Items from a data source
--------

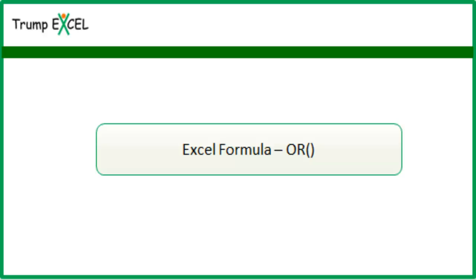Hello and welcome to the video by Trump Excel. I am Sumit Bansal and in this video I will show you how to use OR function in Excel.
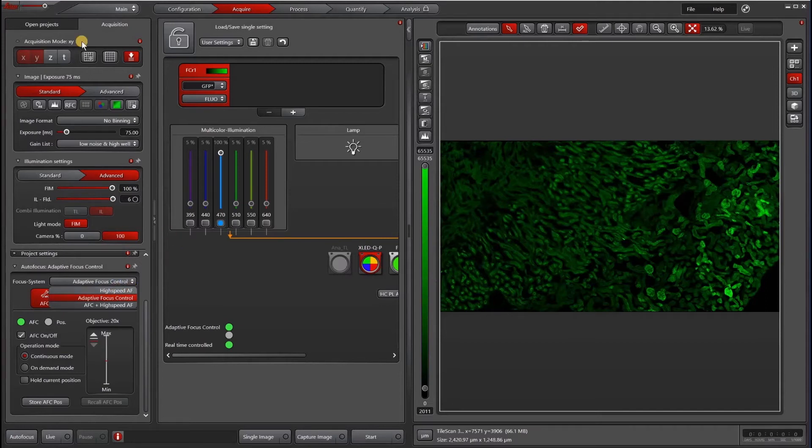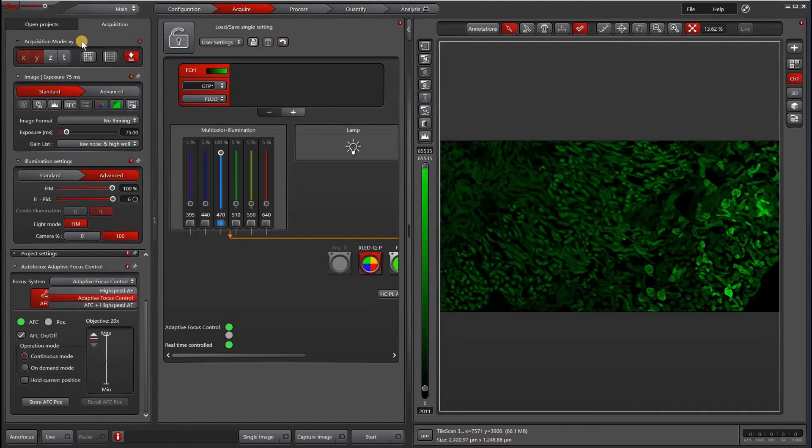Another tip with AFC is that your sample should be pretty close to the cover slip and relatively flat. If you have something that may be embedded in Matrigel or something that's a little bit further away from the cover slip or with variable focus, then AFC may not work for you.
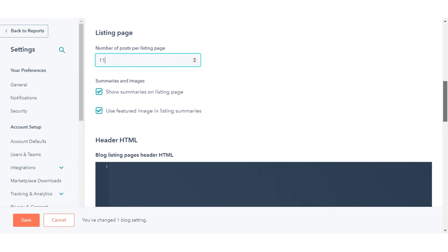To display the content of blog posts up to the read more separator on your listing page, select the show summaries on the listing page checkbox. Click save in the bottom left to save your changes.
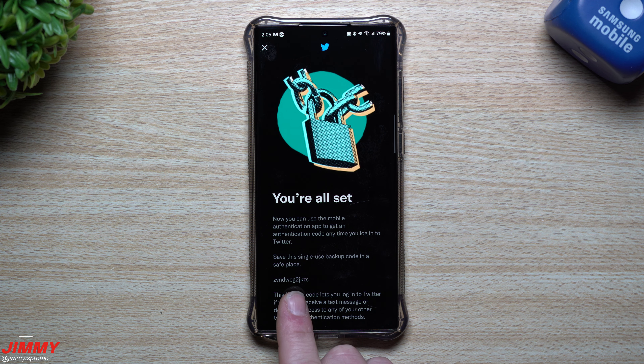Every 30 seconds is when it will change. From here, copy this code and go back to Twitter where it says Confirmation Code. Type in the code and hit Confirm — it pops up instantly. Now this is a single-use backup code; you want to keep this in a safe place. I'm not going to write this one down since I'm going to reset everything right after this video.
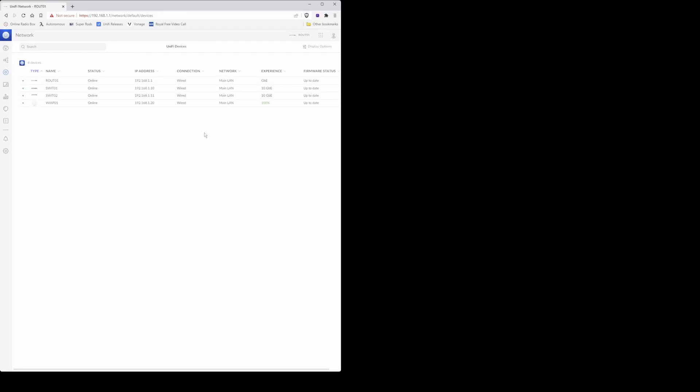One thing I should say is that I had difficulty obtaining U6 Pro directly from Ubiquiti, but if you do want one, I do know of a company that has at the moment, at the time of recording this video, at least 1000 in stock. I'll put the link below in the video description where you can buy these U6 Pros from.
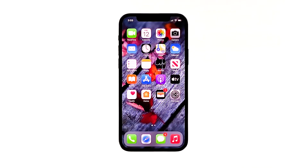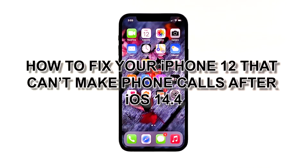When users cannot make phone calls on their devices, the first thing they usually do is contact their service network provider for assistance. But if you think your payment is up to date and the problem isn't account related, calling your network provider should be your last resort. In this video, I will be showing you how to fix your iPhone 12 that can't make phone calls after iOS 14.4.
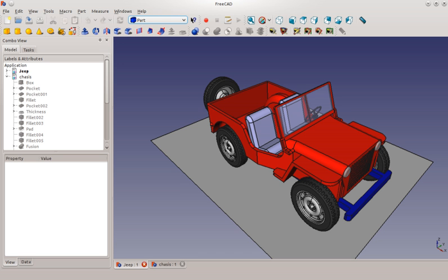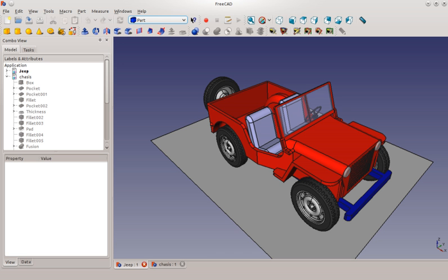FreeCAD's own main file format is FreeCAD Standard File Format, FCSTD. It is a standard zip file that holds files in a certain structure. Document.xml file has all geometric and parametric objects definitions, while GuiDocument.xml has visual representation details of objects.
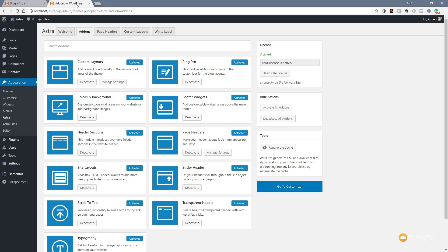Hi and welcome to another episode of Peacemag TV. In today's video for WordPress we're going to be taking a look at a new update and some new plugins that have been added to the Astra theme in the last couple of days.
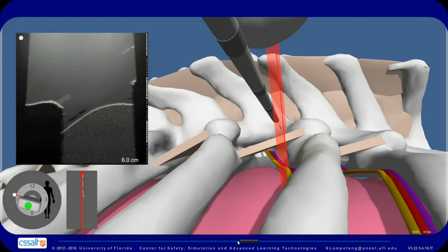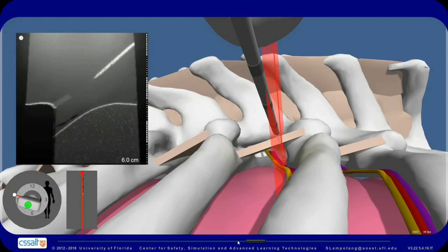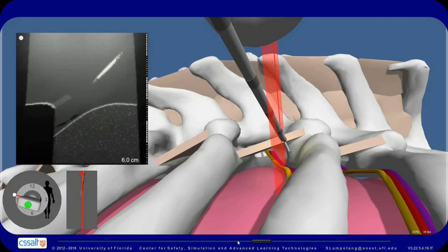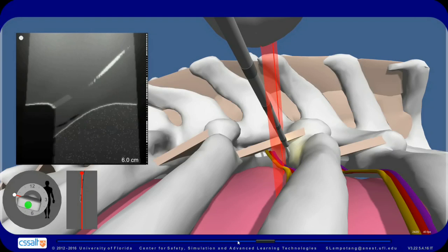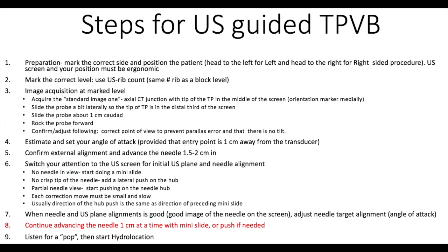In this example, after visualizing the needle and adjusting the angle of attack, we advance the needle 1.5 cm toward the TPVS. But during this advancement, we lose the view of the needle tip on the screen. After losing sight of the needle tip, stop advancement and apply a gentle lateral push on the needle hub. Continue advancing the needle 1 cm at a time with mini slide or push if needed.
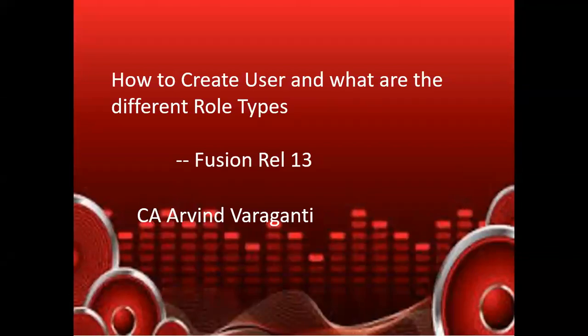Hello all, welcome back to my YouTube channel. In today's video I'll be talking about how to create a user, how to assign different roles to the users, and what are the different role types or different kinds of roles in Oracle Fusion Cloud. We'll start with how to create a user, so let me log into Fusion.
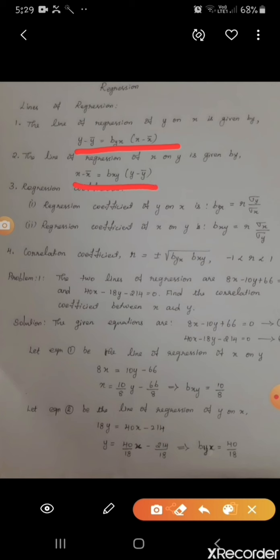The first equation, the line of regression of y on x, is given by: y minus y-bar equal to b_yx into x minus x-bar. The second equation is the line of regression of x on y, given by: x minus x-bar equal to b_xy into y minus y-bar.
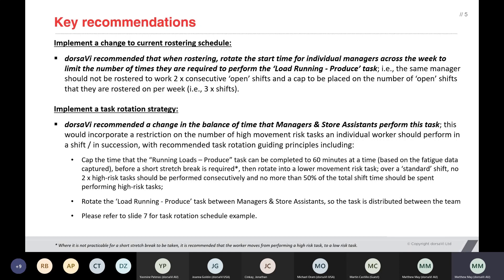Through the data that we capture and the analysis that we do, we're able to profile each task in terms of their risk score and categorise them as high risk through to medium and low risk tasks. The recommendation was to switch from a high risk to a low risk task in order to allow the worker to recover, particularly with respect to fatigue.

--------

What is needed → When you copy the records above, keep every word exact but leave out the pictures.

Solution for this problem →
Hello and welcome to the video by Trump Excel. I am Sumit Bansal and in this video I will show you how to use OR function in Excel.
Another tip with AFC is that your sample should be pretty close to the cover slip and relatively flat. If you have something that may be embedded in Matrigel or something that's a little bit further away from the cover slip or with variable focus, then AFC may not work for you.
To display the content of blog posts up to the read more separator on your listing page, select the show summaries on the listing page checkbox. Click save in the bottom left to save your changes.
Every 30 seconds is when it will change. From here, copy this code and go back to Twitter where it says Confirmation Code. Type in the code and hit Confirm — it pops up instantly. Now this is a single-use backup code; you want to keep this in a safe place. I'm not going to write this one down since I'm going to reset everything right after this video.
One thing I should say is that I had difficulty obtaining U6 Pro directly from Ubiquiti, but if you do want one, I do know of a company that has at the moment, at the time of recording this video, at least 1000 in stock. I'll put the link below in the video description where you can buy these U6 Pros from.
When users cannot make phone calls on their devices, the first thing they usually do is contact their service network provider for assistance. But if you think your payment is up to date and the problem isn't account related, calling your network provider should be your last resort. In this video, I will be showing you how to fix your iPhone 12 that can't make phone calls after iOS 14.4.
FreeCAD's own main file format is FreeCAD Standard File Format, FCSTD. It is a standard zip file that holds files in a certain structure. Document.xml file has all geometric and parametric objects definitions, while GuiDocument.xml has visual representation details of objects.
Hi and welcome to another episode of Peacemag TV. In today's video for WordPress we're going to be taking a look at a new update and some new plugins that have been added to the Astra theme in the last couple of days.
In this example, after visualizing the needle and adjusting the angle of attack, we advance the needle 1.5 cm toward the TPVS. But during this advancement, we lose the view of the needle tip on the screen. After losing sight of the needle tip, stop advancement and apply a gentle lateral push on the needle hub. Continue advancing the needle 1 cm at a time with mini slide or push if needed.
Hello all, welcome back to my YouTube channel. In today's video I'll be talking about how to create a user, how to assign different roles to the users, and what are the different role types or different kinds of roles in Oracle Fusion Cloud. We'll start with how to create a user, so let me log into Fusion.
The first equation, the line of regression of y on x, is given by: y minus y-bar equal to b_yx into x minus x-bar. The second equation is the line of regression of x on y, given by: x minus x-bar equal to b_xy into y minus y-bar.
Through the data that we capture and the analysis that we do, we're able to profile each task in terms of their risk score and categorise them as high risk through to medium and low risk tasks. The recommendation was to switch from a high risk to a low risk task in order to allow the worker to recover, particularly with respect to fatigue.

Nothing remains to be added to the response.